Yargıtay Kararı 13. Hukuk Dairesi 2012/392 E. 2012/3799 K. 23.02.2012 T.

YARGITAY KARARI
DAİRE : 13. Hukuk Dairesi
ESAS NO : 2012/392
KARAR NO : 2012/3799
KARAR TARİHİ : 23.02.2012

MAHKEMESİ :Tüketici Mahkemesi

Taraflar arasındaki tazminat davasının yapılan yargılaması sonunda ilamda yazılı nedenlerden dolayı davanın kısmen kabulüne kısmen reddine yönelik olarak verilen hükmün süresi içinde taraflar avukatınca temyiz edilmesi üzerine dosya incelendi gereği konuşulup düşünüldü.

KARAR
Davacı, aracını alışveriş merkezinin kapalı otoparkına park ettiğini ancak daha sonra aracın park edilen yerde bulunmaması üzerine araştırma yapıldığında aracın park edilen yerde bulunmadığını bu nedenle çalınan, kaybolan aracının değerinin davalıdan tahsilini talep etmiştir.
Davalı davanın reddini savunmuştur.
Mahkemece, davanın kısmen kabulüne karar verilmiş; hüküm, taraflarca temyiz edilmiştir.
Somut uyuşmazlıkta aracın alışveriş merkezinin kapalı otoparkına alışveriş amacıyla gelinip bırakılmadığı açıktır.

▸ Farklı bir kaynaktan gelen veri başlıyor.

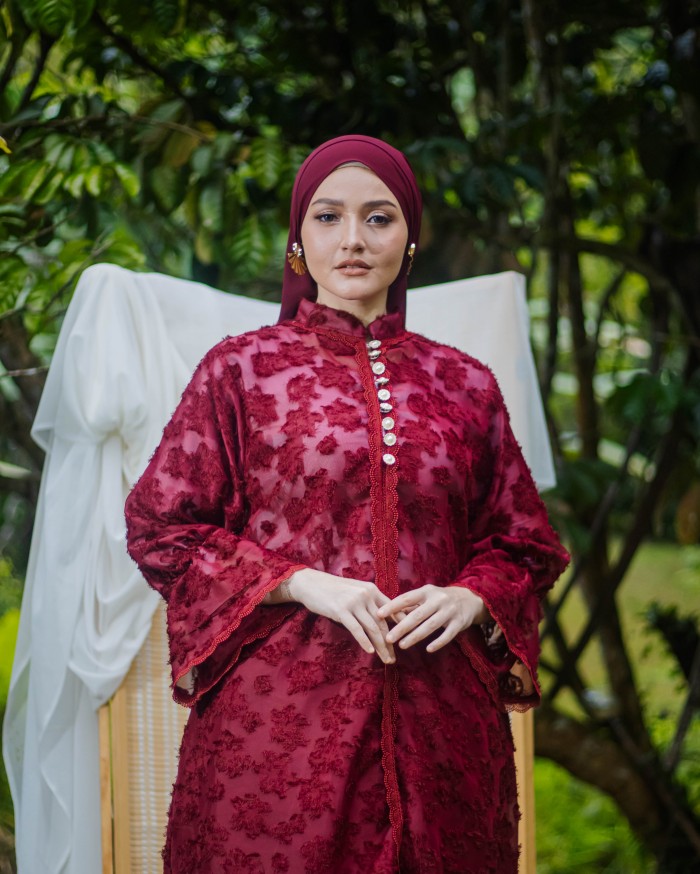 Sutratinta Luxe Kurung (Saga)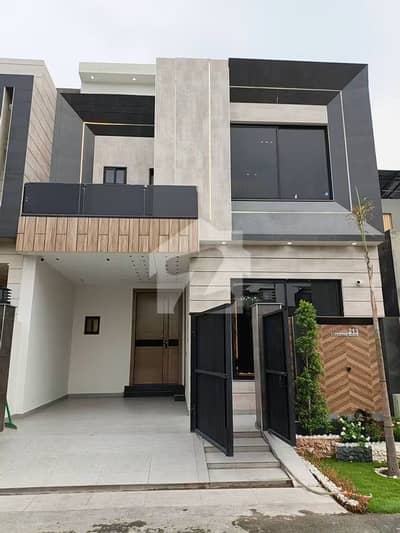5 MARLAM BRAND NEW HOUSE FOR SALE PARKVIEWCITY TULIP OVERSIES BLOCK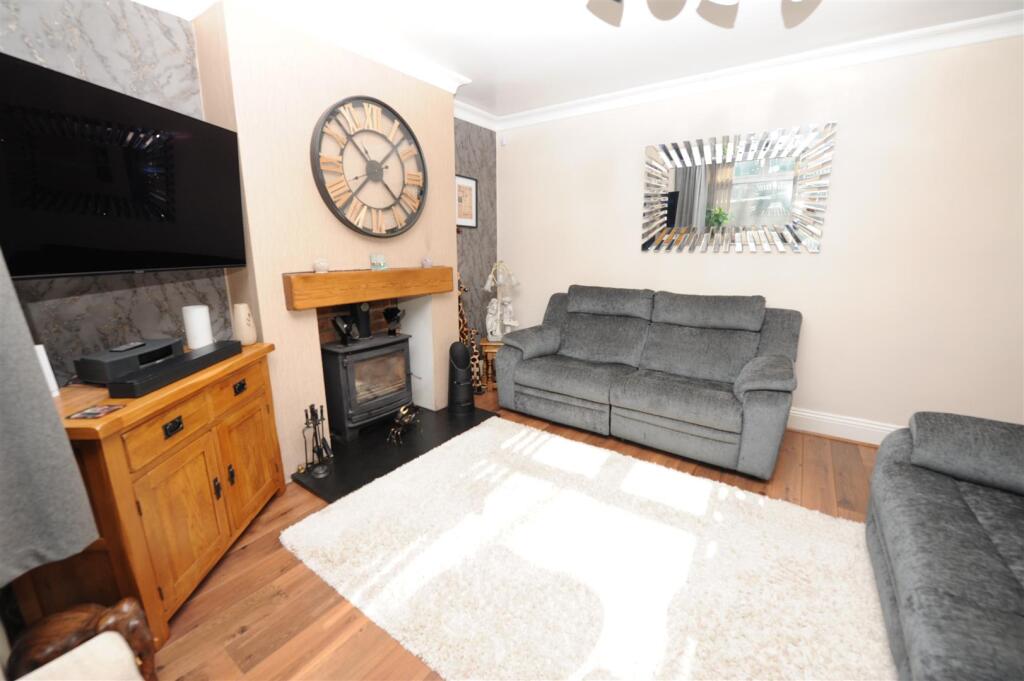 House in Bradford, West Royd, Shipley - View 6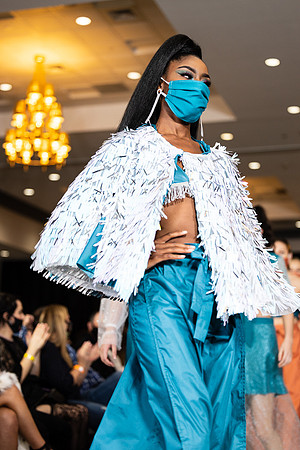 Charlotte Seen Fashion show November 2020-3081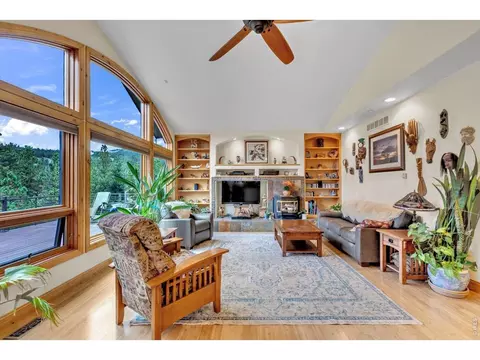 Living - 165 Bison Dr, Boulder, CO 80302 photo 2 of 4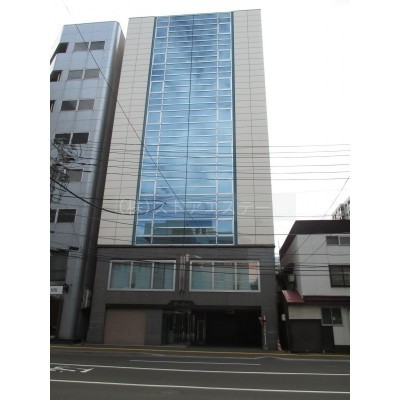 9階建ての1階部分♪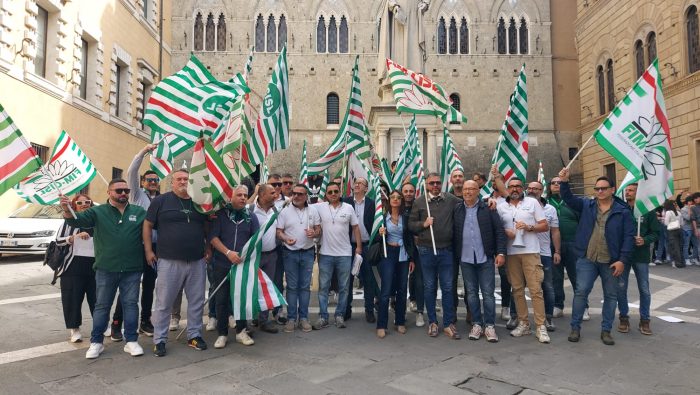 Paycare, lavoratori in Piazza Salimbeni. Cesarano (Cisl): "Mps non può girarsi dall’altra parte"
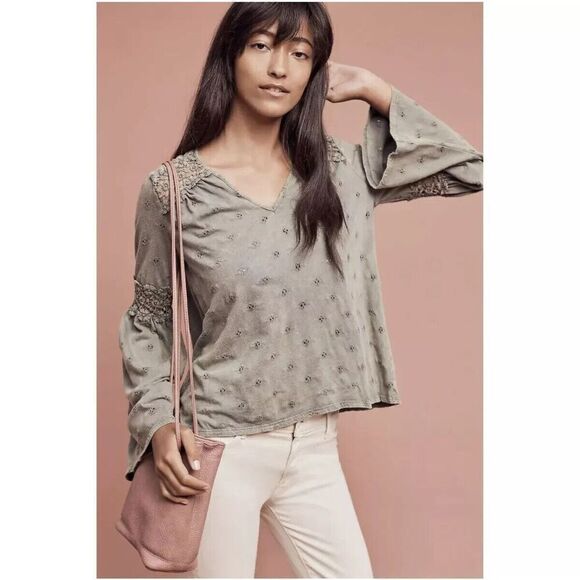 Anthropologie Eri +‎ Ali Calvie Top Women's XS Eyelet Bell Sleeve V Neck Blouse - Picture 1 of 10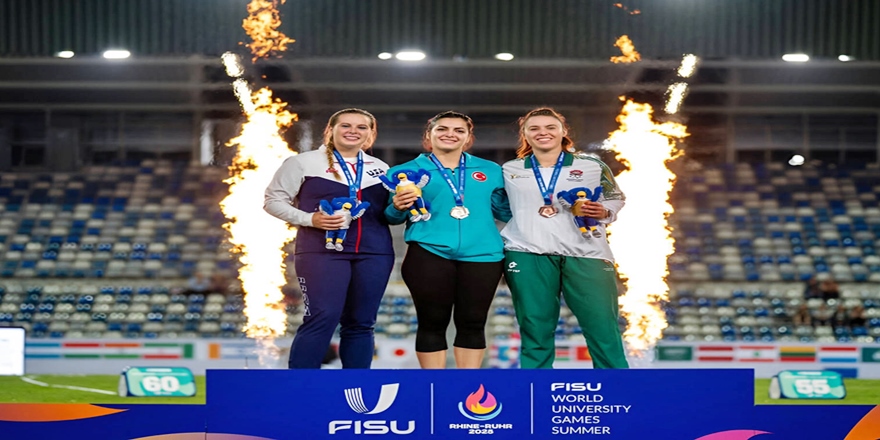 ALKÜ’lü Esra Türkmen, dünya şampiyonluğuna uzandı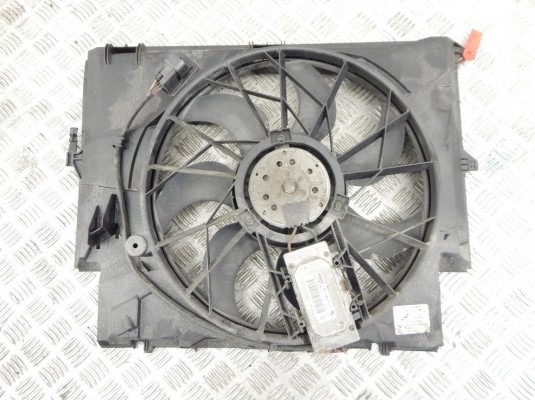 Вентилятор радиатора BMW 1-series (E87) 17 42 7 801 993
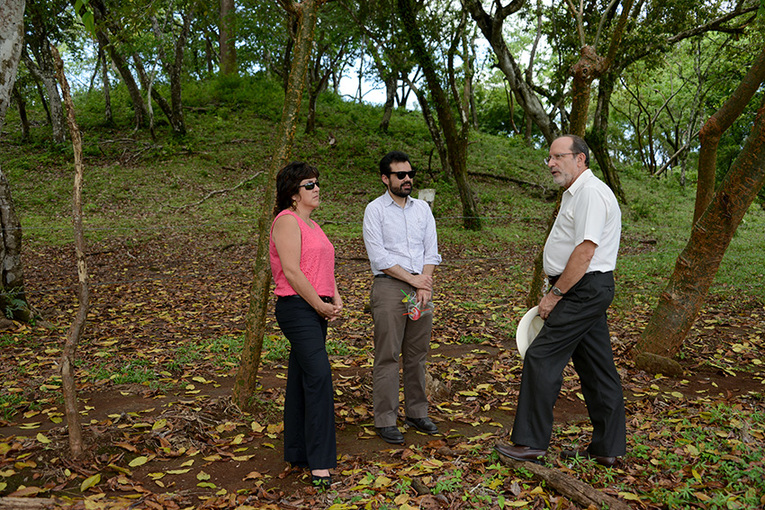 El rector y sus colaboradores hicieron un recorrido por el terreno, que posee muchos árboles y …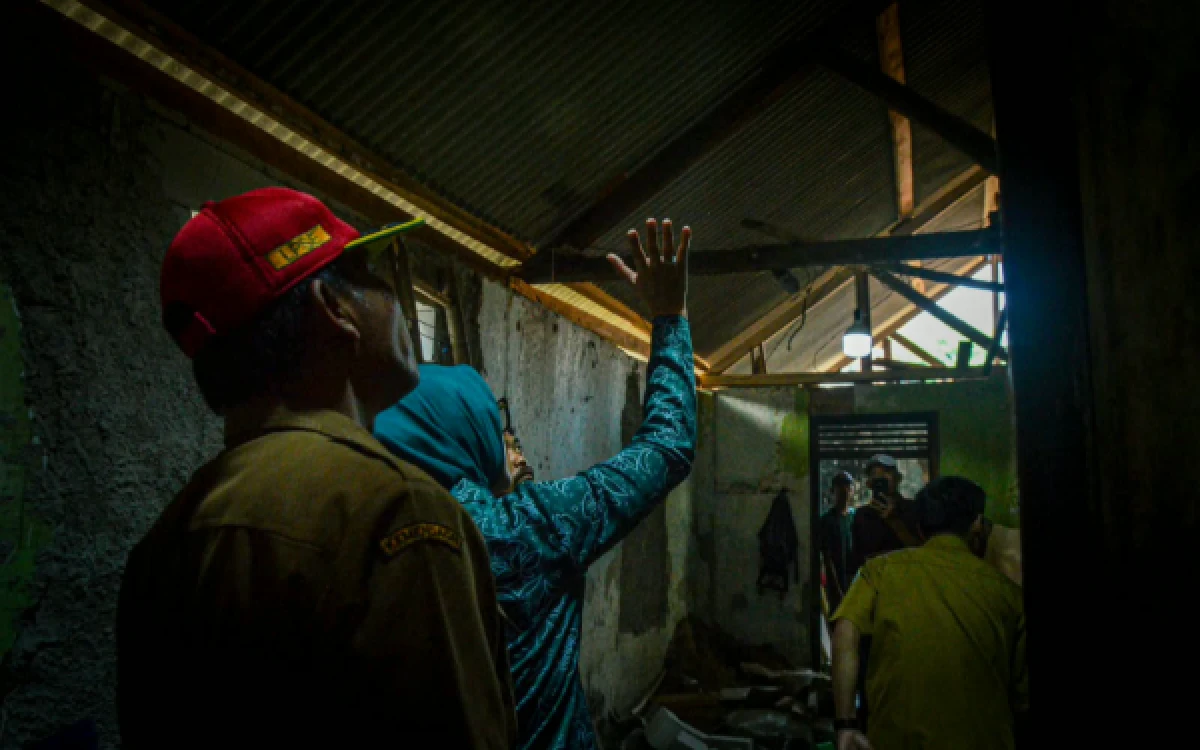 Thumbnail Berita - Ketua TP PKK Lebak Tinjau Perbaikan Rumah Tidak Layak Huni Milik Irfan di Cijoro Lebak
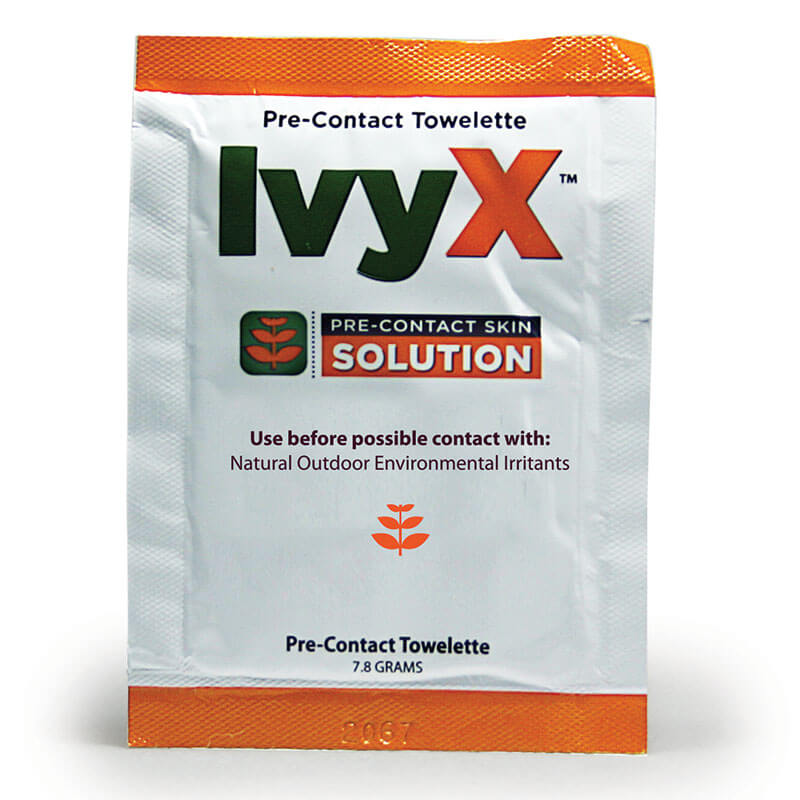 A packet of Coretex IvyX Pre-Contact Towelettes, part of the "Poison Oak & Ivy Formula," provides protection against poison ivy by forming a barrier against environmental allergens. It's intended for application on the skin before coming into contact with poison ivy, oak, and sumac, weighing in at 7.8 grams per packet.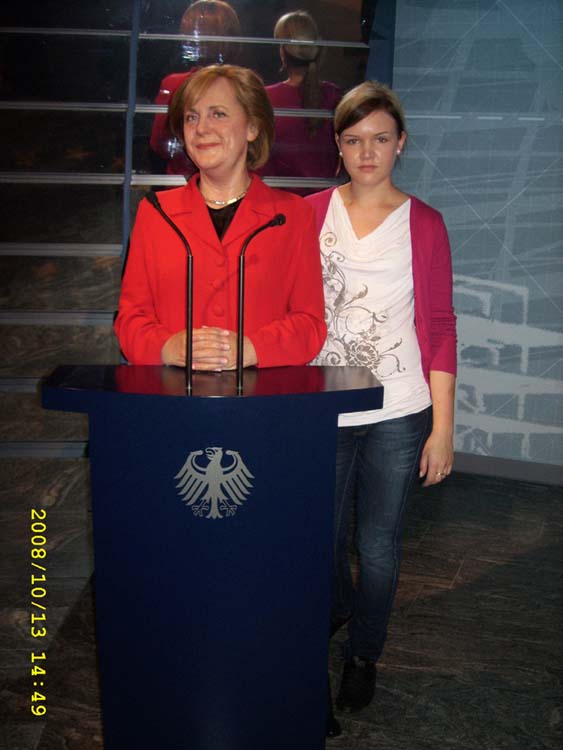 Vahakabinetissa-Angela-Merk
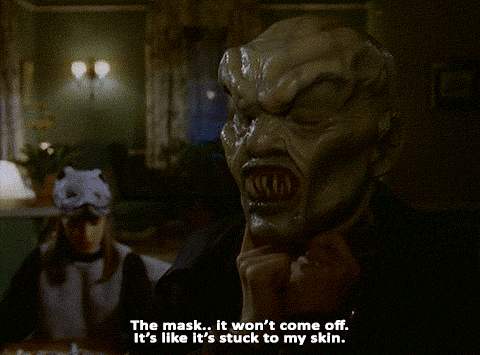 闹鬼的面具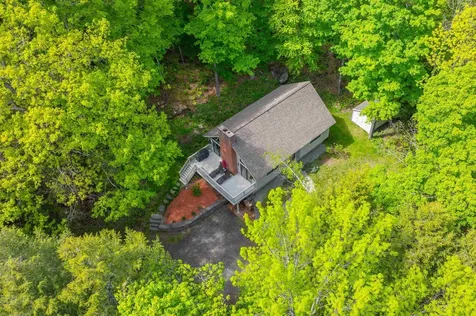 1196 Marsh Family Road Hartford VT 05059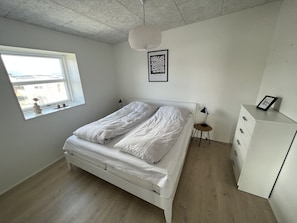 Apartment | 2 bedrooms, individually decorated, individually furnished - New 2 Br Apt | Ocean View (Hoyvík)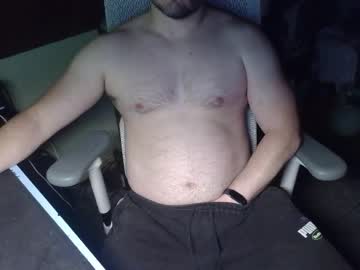 Under_The_Desk40 Chaturbate stream image from May 11, 2026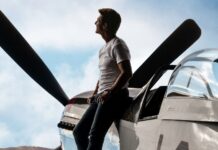 Tom Cruise nel film Top Gun: Maverick.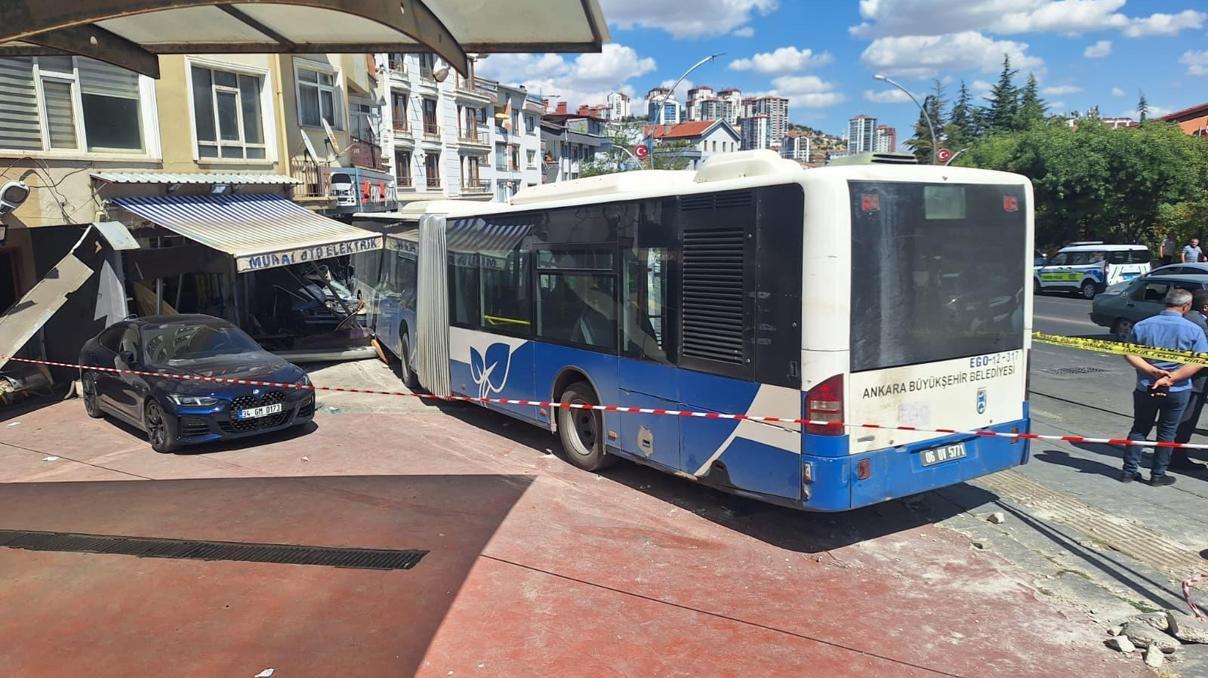 Ankarada belediye otobüsü iş yerine girdi: 7 yaralı Ankarada belediye otobüsü iş yerine girdi: 7 yaralı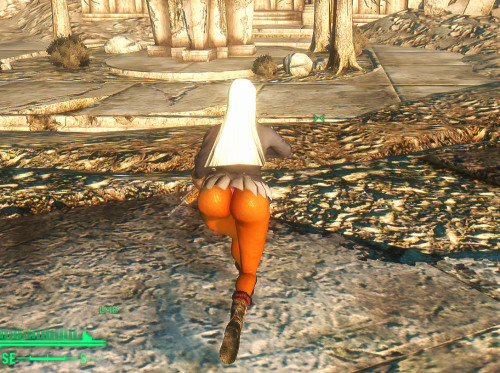 rebisdungeon:  Huge Booty Gyaru in FalloutRecently I install the famous MOD “Tales of Two Wastelands” in my Fallout:NV. It is so great..　I can go to Capital Wasteland in NV game!For it, I use a new character, made few months ago.Fallout with MOD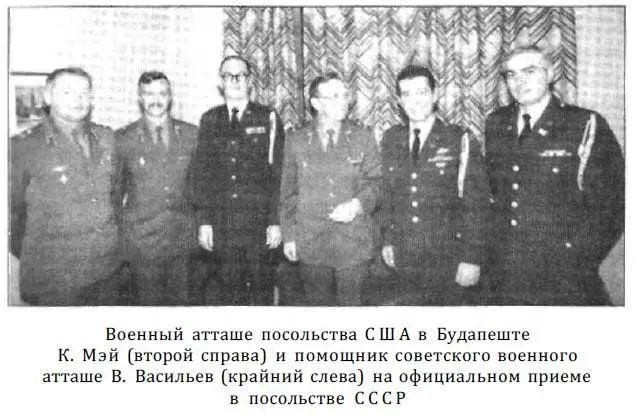 В тот год май выдался жарким Москвичи спешили на дачи Васильев рано утром - фото 62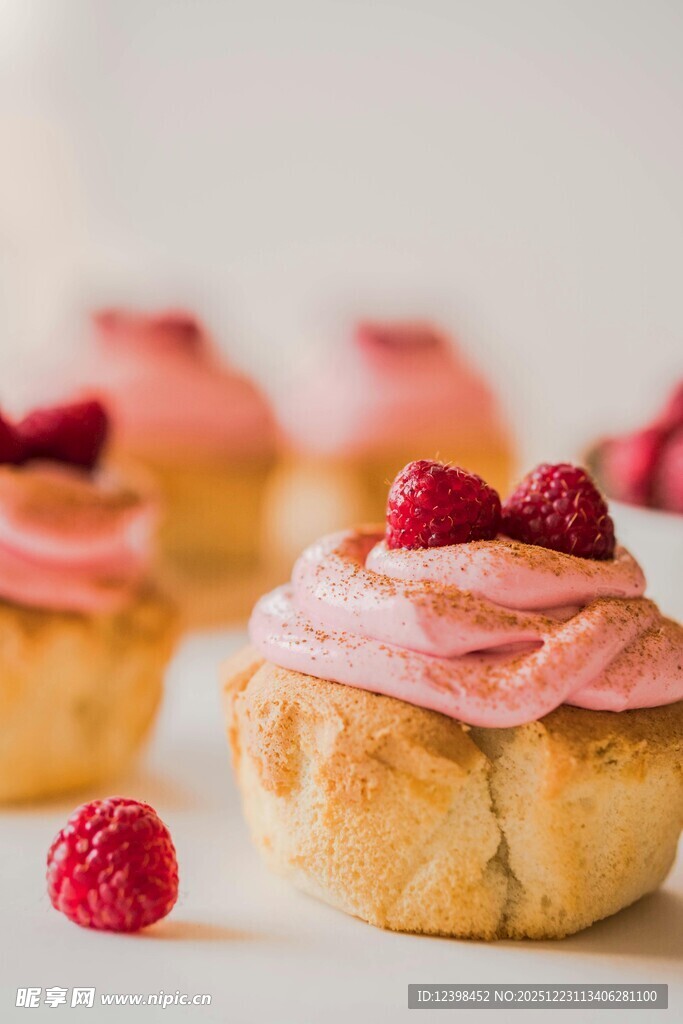 覆盆子奶油小点心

Taraf anlatımına göre aracın alışveriş merkezinde çalışan kişinin bilahare alması amacıyla aracı otoparka bıraktığı belirtilmiştir. Bu gibi durumlarda davalı işyeri sahiplerinin sorumluluğuna gidilirken sorumluluğun dayanağı ve illiyet bakımından her olay kendi içinde özellikle ve titizlikle irdelenmelidir. Alış veriş amacı olmadan kendiliğinden mağazanın oto parkına aracını bırakması ile tam bir sözleşme ilişkisinin kurulduğu söylenemez. Taraflar arasında bu kanun kapsamında yer alan bir sözleşme veya sözleşmeye hazırlık bulunmamaktadır.
Bu açıklamalardan sonra somut olaya dönecek olursak, davacı alış veriş amacı ile aracını bırakmadığı bilakis alışveriş katına da çıkmayıp oradan aracı bırakarak ayrıldığı sabittir.Bu durumda 4077 Sayılı Kanun kapsamında bir uyuşmazlık bulunmamaktadır.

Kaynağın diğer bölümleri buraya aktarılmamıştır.